● What you will do
Exact reproduction is required for the lines below starting at the line with "Banknotes of different" and ending at the line with "Susook Collar Con", both included. No other lines, and no pictures.

● Data supplied
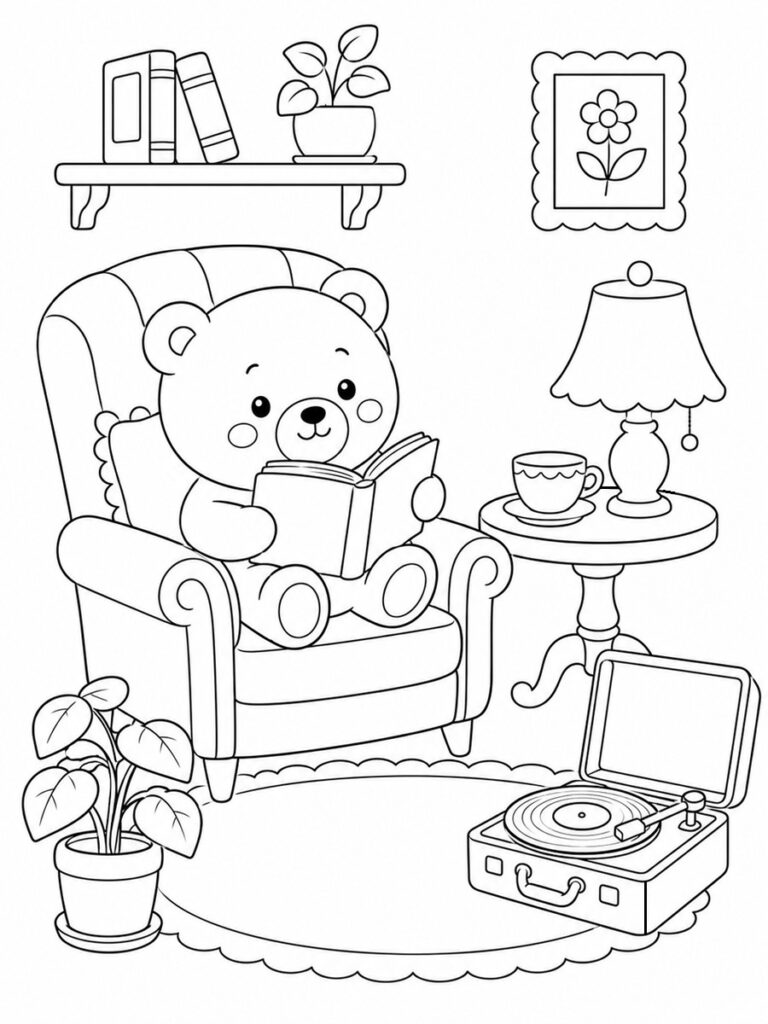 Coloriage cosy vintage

...

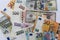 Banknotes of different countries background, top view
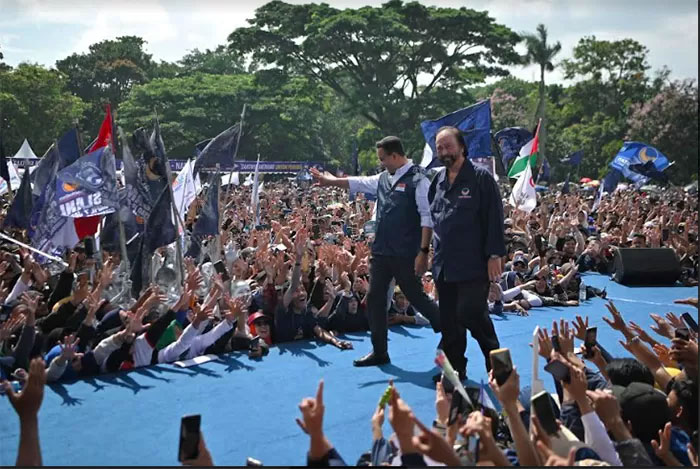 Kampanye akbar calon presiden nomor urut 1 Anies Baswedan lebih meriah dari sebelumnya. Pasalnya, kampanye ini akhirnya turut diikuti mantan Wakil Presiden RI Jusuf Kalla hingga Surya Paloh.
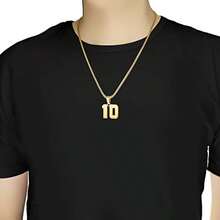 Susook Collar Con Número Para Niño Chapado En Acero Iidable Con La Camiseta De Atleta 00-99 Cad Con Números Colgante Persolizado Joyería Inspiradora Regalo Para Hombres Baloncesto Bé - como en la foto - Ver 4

--

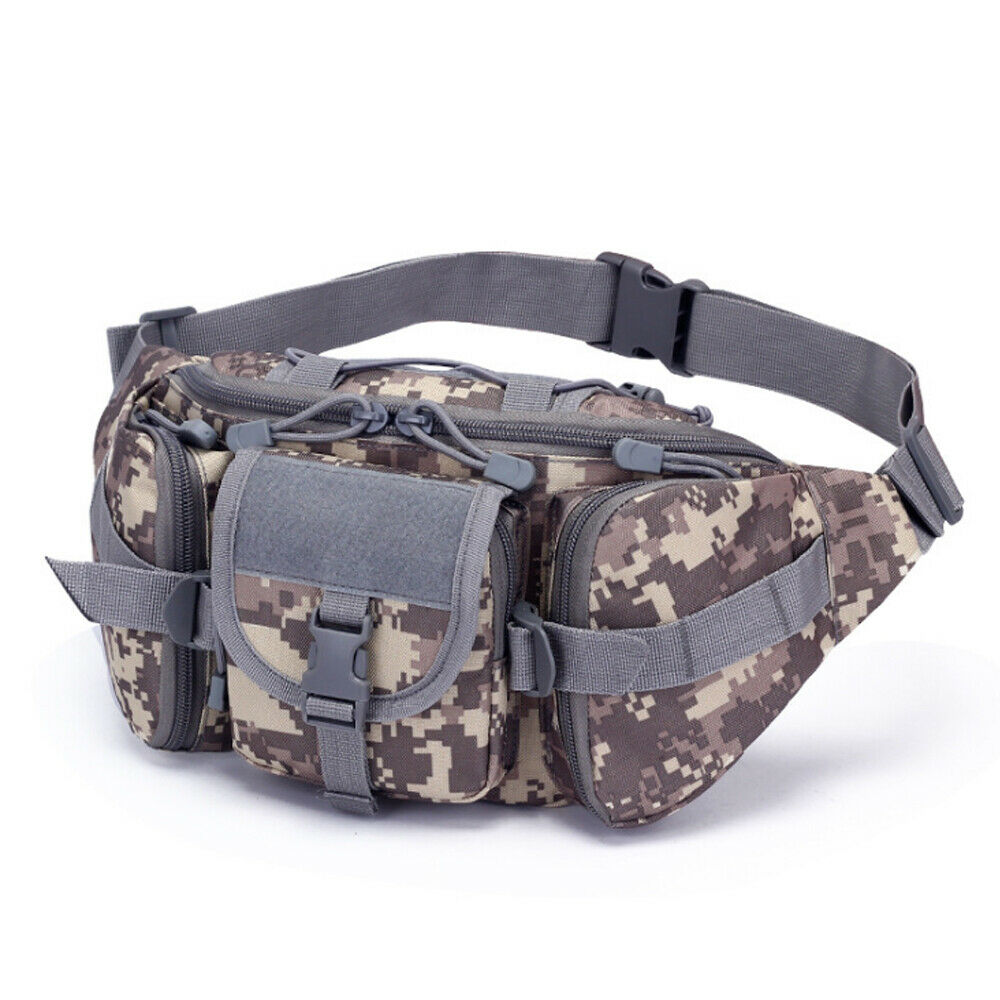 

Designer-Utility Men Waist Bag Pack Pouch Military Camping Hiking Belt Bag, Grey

● Response
 Banknotes of different countries background, top view
 Kampanye akbar calon presiden nomor urut 1 Anies Baswedan lebih meriah dari sebelumnya. Pasalnya, kampanye ini akhirnya turut diikuti mantan Wakil Presiden RI Jusuf Kalla hingga Surya Paloh.
 Susook Collar Con Número Para Niño Chapado En Acero Iidable Con La Camiseta De Atleta 00-99 Cad Con Números Colgante Persolizado Joyería Inspiradora Regalo Para Hombres Baloncesto Bé - como en la foto - Ver 4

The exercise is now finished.